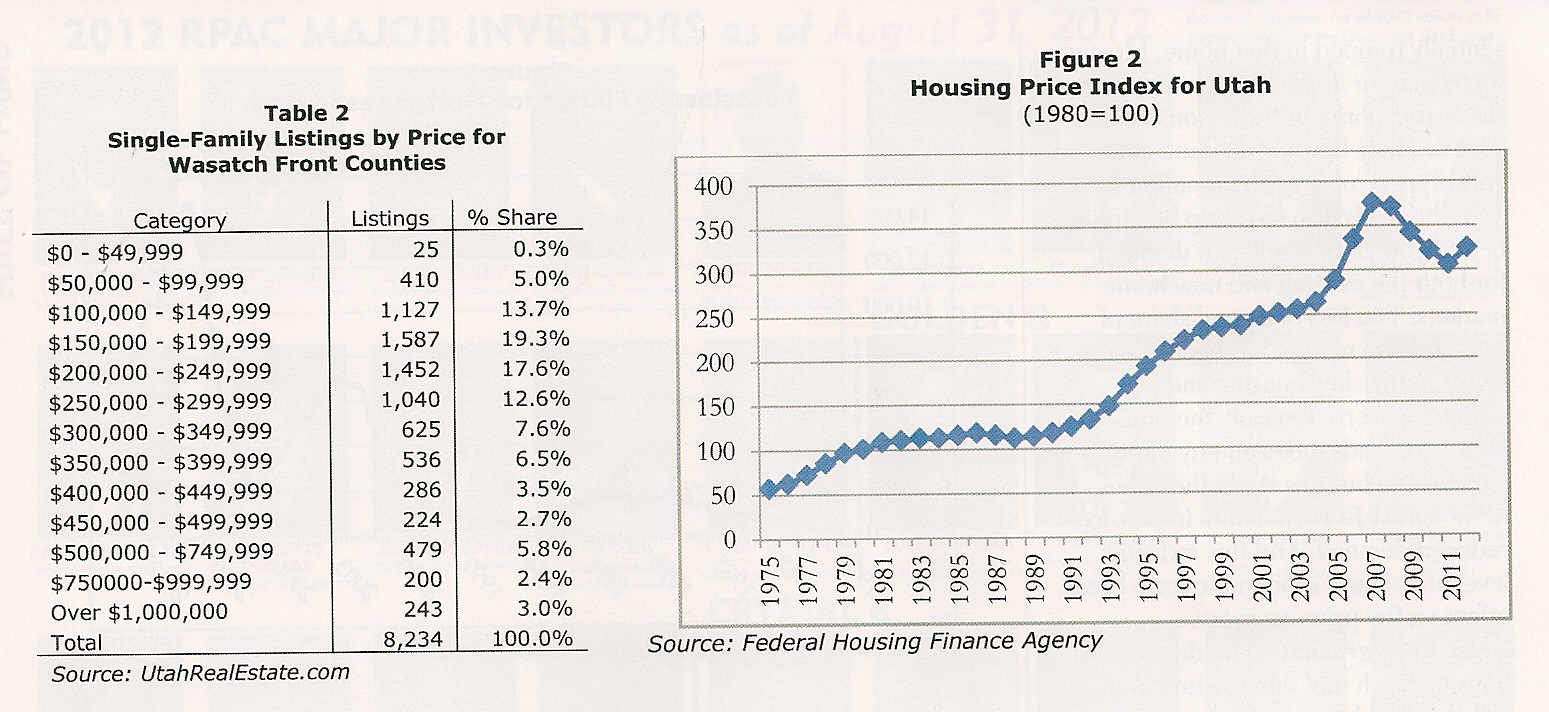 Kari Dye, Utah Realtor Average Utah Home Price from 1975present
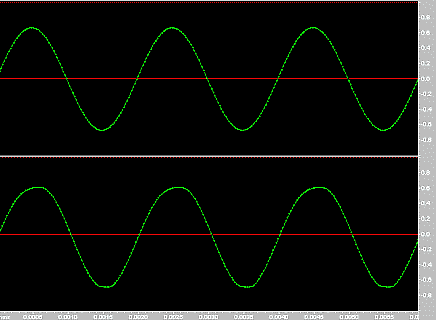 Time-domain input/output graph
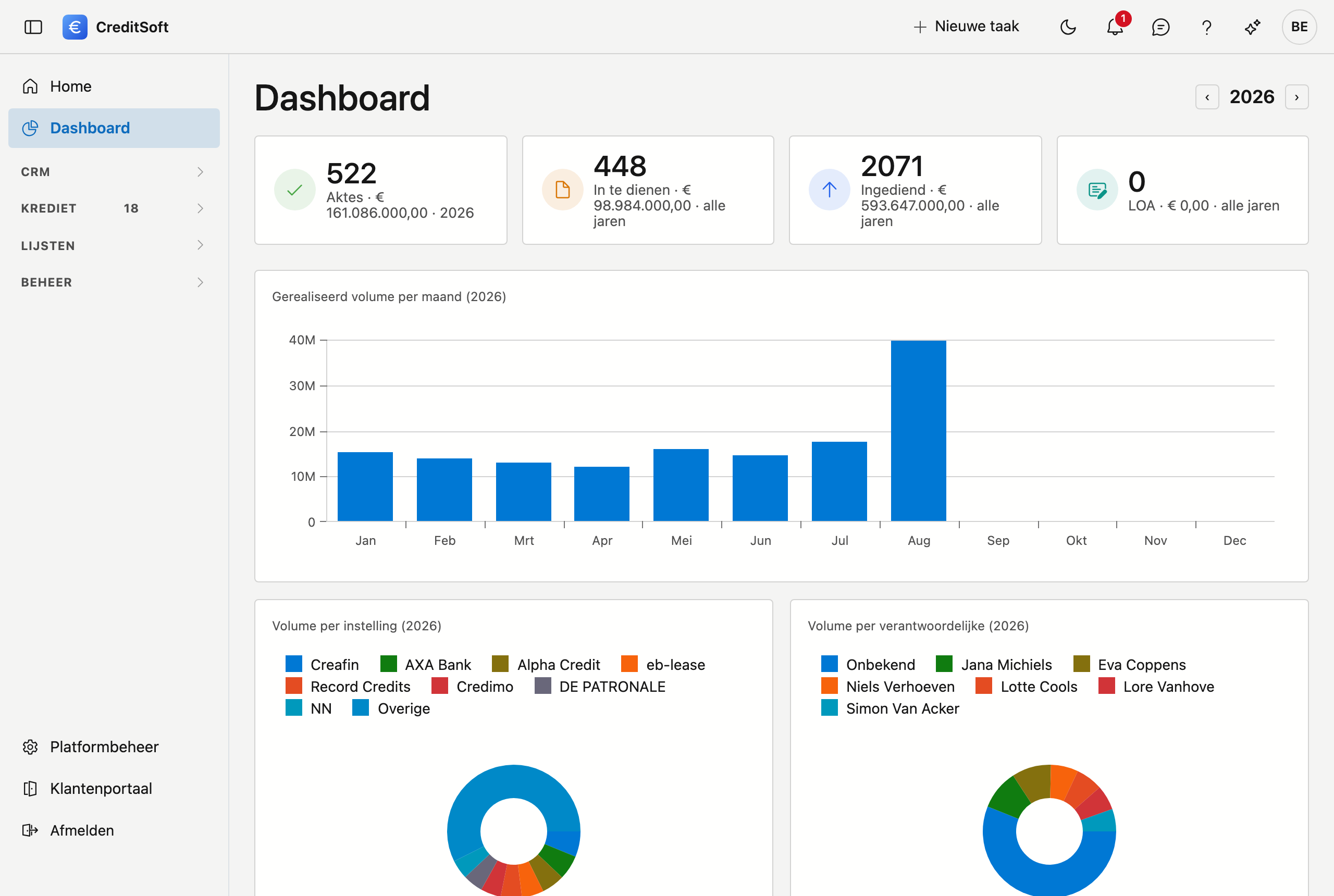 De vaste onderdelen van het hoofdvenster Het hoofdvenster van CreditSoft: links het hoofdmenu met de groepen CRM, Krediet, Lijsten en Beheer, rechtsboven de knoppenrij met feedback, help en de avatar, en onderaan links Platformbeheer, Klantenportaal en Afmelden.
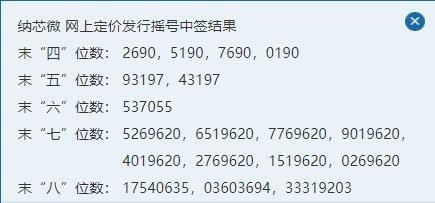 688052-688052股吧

» What is required:
Write out verbatim the lines from the one containing "Time-domain input/output graph" through the last line of the listing above, and no other lines; omit pictures.

» Answer to this problem:
 Time-domain input/output graph
 De vaste onderdelen van het hoofdvenster Het hoofdvenster van CreditSoft: links het hoofdmenu met de groepen CRM, Krediet, Lijsten en Beheer, rechtsboven de knoppenrij met feedback, help en de avatar, en onderaan links Platformbeheer, Klantenportaal en Afmelden.
 688052-688052股吧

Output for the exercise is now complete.